Es kommen aber auch solche, die hier mit Terror-Attacken Unschuldige umbringen. Sie zu erkennen ist ein Problem. Islamisten haben überall Freunde oder Sympathisanten, mehr als der Staat weiß. Die Eingeschleusten lassen per Email oder Video wissen, sie seien beauftragt, Allahs Feinde umzubringen. Nicht der islamische Glaube ist die Gefahr, sondern Menschen, die ihn zum Anlass nehmen, Macht über das Leben anderer zu haben. Niederste Instinkte zu befriedigen. Wie auch Päpste der katholischen Kirche viel zu lange Macht ausübten statt zu dienen. Von wenigen Ausnahmen abgesehen.

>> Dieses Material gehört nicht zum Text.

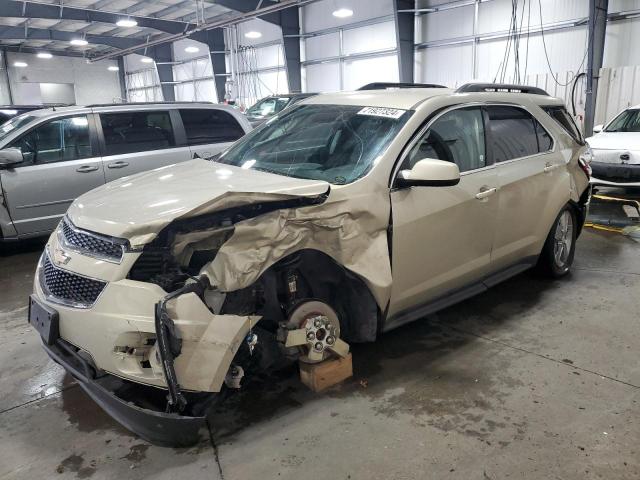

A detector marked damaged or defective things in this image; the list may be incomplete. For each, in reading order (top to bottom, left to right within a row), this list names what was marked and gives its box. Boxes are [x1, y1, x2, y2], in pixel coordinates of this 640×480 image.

crushed hood [588, 132, 640, 151]
crushed hood [67, 159, 330, 246]
damaged beige suv [30, 83, 592, 446]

Der Polnische Papst Johannes Paul II. einer, der Menschen nicht bekehren wollte, sondern ihnen als Mensch begegnen. Abertausende umarmte er auf seinen Reisen. Fand tröstende Worte in vielen Sprachen der Welt. Und jeder von ihnen fühlte sich verstanden. Harmonie schien eingekehrt, der Abstand zwischen Oben und Unten keiner mehr. Vielleicht muss auch ein Papst die Diktatur erleben, um Mensch zu bleiben. Wie Karol Wojtyla in Polen, seinem Heimatland.